There’s a danger, even so, of war in the Middle East becoming identity politics in New York and California, a danger to which some of the US pro-Palestinian protestors seem alert. In fact, there’s not much that postmodern America can’t turn into a question of identity. A small minority of these dissenters are vile antisemites, so it becomes easy to pin this charge on the movement as a whole. It also becomes possible for some Jewish students to reframe what’s at stake in terms of Jewishness rather than the dismemberment of innocent civilians. It’s known these days as controlling the narrative. If you can’t morally defend Israel’s campaign of terror, then talk about something else such as your right to cross the street. Distraction and displacement are the order of the day. Crowds are redefined as mobs, while non-students who pitch in are branded as foreign agitators. Among some US politicians, the talk is not of starving children but of free speech and freedom of assembly. As American student activists are eager to point out, there’s a lot of discussion in the States about academic freedom at a time when universities in Gaza lie in ruins. Violence on the West Bank goes unmentioned, while violence at Columbia hits the headlines.

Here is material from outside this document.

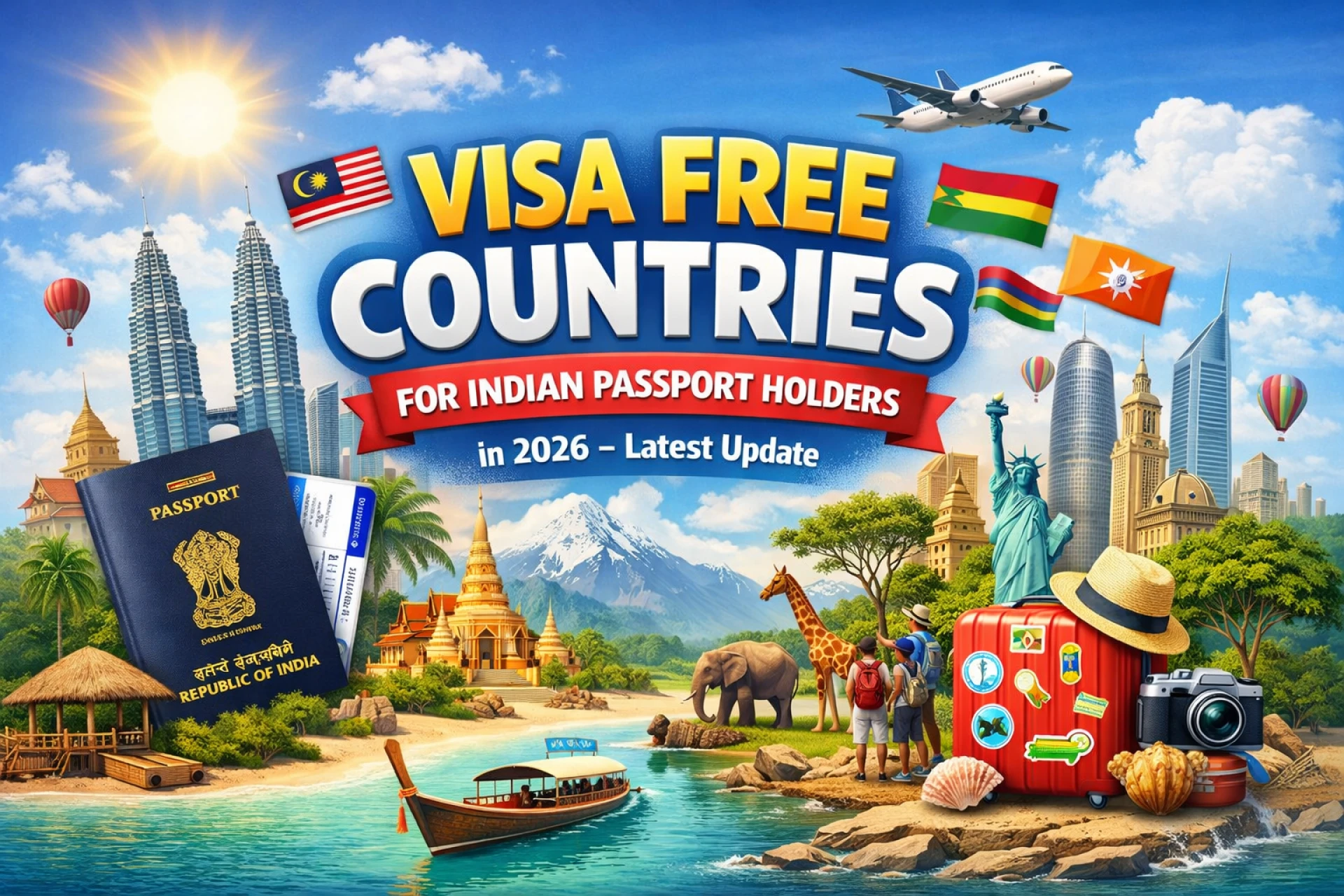 Visa Free Countries for Indian Passport Holders in 2026 – Latest Update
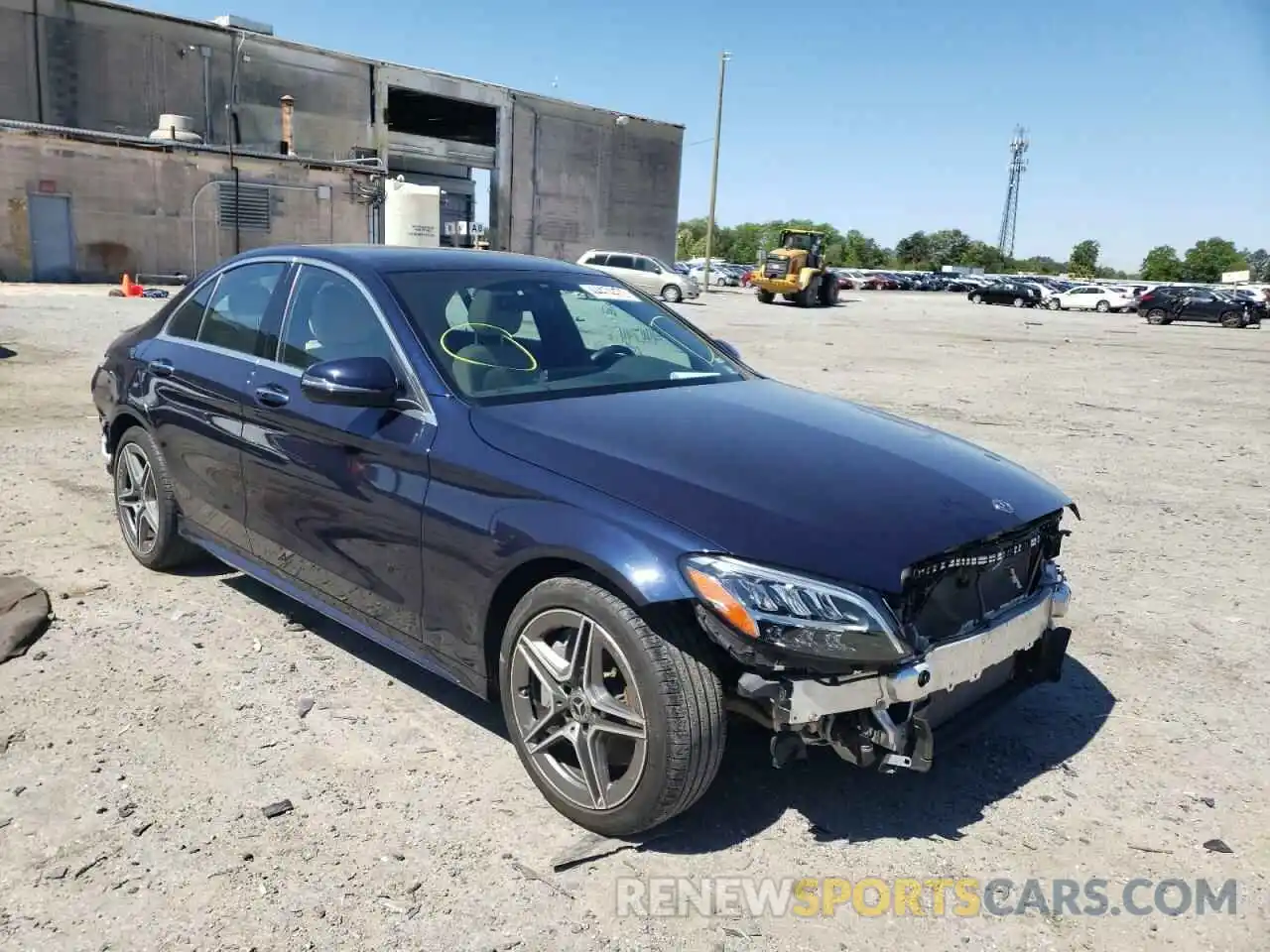 1 Photograph of a damaged car 55SWF8EB3LU322914 MERCEDES-BENZ C-CLASS 2020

Meanwhile, the doublethink continues apace. Yes, the mass killing in Gaza is regrettable, but it’s the only way of rooting out Hamas. In violation of one of the most basic of all ethical principles, the end justifies the means. So, would annihilating a million Palestinians in order to exterminate the enemy be acceptable in principle? Yes, the Right-wing fanatics now running Israel are an embarrassment, but the Israeli state must be defended at all costs. Yes, champions of Palestine have the right to make their voices heard, but too many  of them are pro-Hamas zealots in thin disguise, including the teachers and social workers who bring their children from Kennington and Walworth for marches in central London.

Traditionally, students bear the double burden of being both reviled and ridiculed. If they are smeared as social parasites, they are also mocked as idealists with their heads in the clouds. Yet the US student movement of the late Sixties was a power to be reckoned with in national politics, while its counterpart in France brought masses of working people out on the streets and almost unseated a government. Not bad going for a bunch of guys studying Plato or the pancreas.